Saturday, April 29, 2006

A Lost Starlet at 65

Bill Crider reminds me that yesterday was the 65th birthday of Ann-Margret. (She shares a birthday with Saddam Hussein and Jay Leno.) A-M made my list of "Lost Starlets of the '60s," actresses who should have been superstars but had the misfortune to come along in the '60s, a time when American movies had basically run out of good parts for women. (To some extent they've never fully recovered, but the '60s hit a particularly bad patch in this respect.) In A-M's case, she had everything it took to be a big star in movie musicals, except that the movie musical was pretty much dead by the time she hit the screen.

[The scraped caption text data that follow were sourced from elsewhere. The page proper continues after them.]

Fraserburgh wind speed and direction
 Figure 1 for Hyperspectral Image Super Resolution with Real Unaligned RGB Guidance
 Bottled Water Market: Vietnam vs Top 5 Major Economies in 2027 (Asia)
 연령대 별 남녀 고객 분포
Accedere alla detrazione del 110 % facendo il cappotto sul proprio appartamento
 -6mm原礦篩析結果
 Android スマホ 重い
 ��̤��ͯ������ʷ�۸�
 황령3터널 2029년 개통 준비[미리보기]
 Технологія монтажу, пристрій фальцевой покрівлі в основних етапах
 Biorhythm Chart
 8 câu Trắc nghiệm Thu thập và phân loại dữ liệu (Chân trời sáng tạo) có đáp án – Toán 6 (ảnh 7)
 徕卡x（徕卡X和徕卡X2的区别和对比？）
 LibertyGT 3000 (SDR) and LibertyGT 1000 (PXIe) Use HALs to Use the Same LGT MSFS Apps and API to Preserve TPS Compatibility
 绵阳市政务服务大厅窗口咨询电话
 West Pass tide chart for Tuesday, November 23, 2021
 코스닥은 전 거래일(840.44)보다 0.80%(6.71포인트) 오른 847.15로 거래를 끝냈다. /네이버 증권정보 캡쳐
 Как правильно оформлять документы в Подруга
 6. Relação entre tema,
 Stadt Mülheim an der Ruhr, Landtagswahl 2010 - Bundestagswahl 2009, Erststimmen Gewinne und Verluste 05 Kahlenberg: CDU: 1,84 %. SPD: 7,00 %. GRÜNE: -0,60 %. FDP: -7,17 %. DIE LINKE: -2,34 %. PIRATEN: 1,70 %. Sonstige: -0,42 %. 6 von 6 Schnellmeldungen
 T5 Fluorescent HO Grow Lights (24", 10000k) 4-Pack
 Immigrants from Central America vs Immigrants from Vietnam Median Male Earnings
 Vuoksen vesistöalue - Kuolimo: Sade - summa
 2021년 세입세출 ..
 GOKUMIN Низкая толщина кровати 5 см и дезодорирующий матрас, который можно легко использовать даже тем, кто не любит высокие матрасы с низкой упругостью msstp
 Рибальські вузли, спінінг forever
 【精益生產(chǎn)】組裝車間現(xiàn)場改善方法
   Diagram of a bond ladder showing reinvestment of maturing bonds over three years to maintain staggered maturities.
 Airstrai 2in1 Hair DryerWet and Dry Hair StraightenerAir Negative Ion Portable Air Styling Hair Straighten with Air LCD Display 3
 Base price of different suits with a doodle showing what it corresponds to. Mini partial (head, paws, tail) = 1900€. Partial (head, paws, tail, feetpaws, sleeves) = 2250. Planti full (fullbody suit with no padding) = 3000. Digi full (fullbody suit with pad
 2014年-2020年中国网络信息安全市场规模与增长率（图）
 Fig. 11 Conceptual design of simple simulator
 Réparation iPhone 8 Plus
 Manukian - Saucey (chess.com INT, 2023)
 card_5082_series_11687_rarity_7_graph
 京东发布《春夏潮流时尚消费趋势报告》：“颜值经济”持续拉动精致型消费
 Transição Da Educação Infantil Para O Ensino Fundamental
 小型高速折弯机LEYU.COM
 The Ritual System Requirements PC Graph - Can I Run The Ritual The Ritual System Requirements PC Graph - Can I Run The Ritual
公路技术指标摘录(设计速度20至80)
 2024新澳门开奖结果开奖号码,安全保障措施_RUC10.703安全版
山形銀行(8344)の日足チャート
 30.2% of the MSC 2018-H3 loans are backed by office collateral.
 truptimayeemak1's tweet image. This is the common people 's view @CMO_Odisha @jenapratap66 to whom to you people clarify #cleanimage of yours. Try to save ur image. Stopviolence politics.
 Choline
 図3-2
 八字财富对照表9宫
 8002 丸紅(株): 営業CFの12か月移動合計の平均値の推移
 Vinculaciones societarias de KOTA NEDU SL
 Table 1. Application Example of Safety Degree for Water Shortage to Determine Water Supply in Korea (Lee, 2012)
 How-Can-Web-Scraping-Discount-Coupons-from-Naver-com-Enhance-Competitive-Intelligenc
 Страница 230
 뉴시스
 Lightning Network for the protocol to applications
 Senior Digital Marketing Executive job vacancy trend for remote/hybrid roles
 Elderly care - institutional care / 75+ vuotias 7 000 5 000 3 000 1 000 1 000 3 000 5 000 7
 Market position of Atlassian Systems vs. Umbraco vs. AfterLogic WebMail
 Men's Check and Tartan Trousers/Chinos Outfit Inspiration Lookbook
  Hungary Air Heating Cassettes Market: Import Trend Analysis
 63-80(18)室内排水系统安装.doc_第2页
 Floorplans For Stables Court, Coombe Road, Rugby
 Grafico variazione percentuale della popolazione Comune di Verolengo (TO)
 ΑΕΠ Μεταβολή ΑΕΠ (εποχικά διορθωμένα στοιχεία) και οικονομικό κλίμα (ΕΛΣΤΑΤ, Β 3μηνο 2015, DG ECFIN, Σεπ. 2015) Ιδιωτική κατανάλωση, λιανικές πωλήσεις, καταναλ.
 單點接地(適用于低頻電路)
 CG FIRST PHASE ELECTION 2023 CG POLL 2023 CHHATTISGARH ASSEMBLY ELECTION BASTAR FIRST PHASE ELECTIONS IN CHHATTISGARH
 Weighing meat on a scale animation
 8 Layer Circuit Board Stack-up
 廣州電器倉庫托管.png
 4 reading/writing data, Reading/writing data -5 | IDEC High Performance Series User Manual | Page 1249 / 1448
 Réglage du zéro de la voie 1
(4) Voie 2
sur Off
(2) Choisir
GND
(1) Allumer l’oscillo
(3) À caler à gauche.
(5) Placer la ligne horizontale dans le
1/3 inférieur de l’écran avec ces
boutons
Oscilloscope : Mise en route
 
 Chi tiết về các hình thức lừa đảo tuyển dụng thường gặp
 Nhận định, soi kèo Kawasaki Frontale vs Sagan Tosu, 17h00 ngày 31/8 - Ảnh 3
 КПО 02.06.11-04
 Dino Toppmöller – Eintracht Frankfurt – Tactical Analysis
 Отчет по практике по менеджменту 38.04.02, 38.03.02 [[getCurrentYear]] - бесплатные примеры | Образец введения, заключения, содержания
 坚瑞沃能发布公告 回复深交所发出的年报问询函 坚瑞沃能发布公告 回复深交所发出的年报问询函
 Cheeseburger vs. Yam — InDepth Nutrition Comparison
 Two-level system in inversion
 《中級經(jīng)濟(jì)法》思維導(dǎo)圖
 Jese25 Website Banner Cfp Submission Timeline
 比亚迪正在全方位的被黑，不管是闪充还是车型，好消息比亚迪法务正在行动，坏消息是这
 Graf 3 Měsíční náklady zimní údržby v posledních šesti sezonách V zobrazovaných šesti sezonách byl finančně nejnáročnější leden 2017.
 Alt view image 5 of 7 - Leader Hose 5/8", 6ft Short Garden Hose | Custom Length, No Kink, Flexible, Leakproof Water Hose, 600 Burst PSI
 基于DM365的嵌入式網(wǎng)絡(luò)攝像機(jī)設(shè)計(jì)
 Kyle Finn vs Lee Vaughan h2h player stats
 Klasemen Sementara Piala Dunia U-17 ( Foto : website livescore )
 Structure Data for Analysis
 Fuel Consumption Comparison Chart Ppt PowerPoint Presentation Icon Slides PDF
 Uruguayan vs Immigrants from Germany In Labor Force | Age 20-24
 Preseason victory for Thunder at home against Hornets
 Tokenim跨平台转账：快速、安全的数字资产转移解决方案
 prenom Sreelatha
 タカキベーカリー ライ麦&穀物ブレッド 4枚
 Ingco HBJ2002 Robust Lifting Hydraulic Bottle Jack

The closest thing she ever had to a true star vehicle was 1966's The Swinger, a genuinely insane movie -- it has what is basically the plot of a pornographic film (A-M sets out to prove to Tony Franciosa that she can be a sexy swinger and spends most of the movie stripping and gyrating in front of him) except it's told in a family-friendly way; the key scene has A-M rolling around in paint, yet the scene is presented with a strange kind of innocence, and A-M plays it as though she's still in Pocketful of Miracles. It's the apotheosis of the '60s habit of presenting semi-obscene material as though it's sweet and wholesome.

The director of The Swinger was the crazy, semi-brilliant George Sidney, who had brought A-M to prominence in Bye Bye Birdie and Viva Las Vegas; he summed up her appeal by saying something like: "You don't know whether to offer her a lollipop or a diamond bracelet."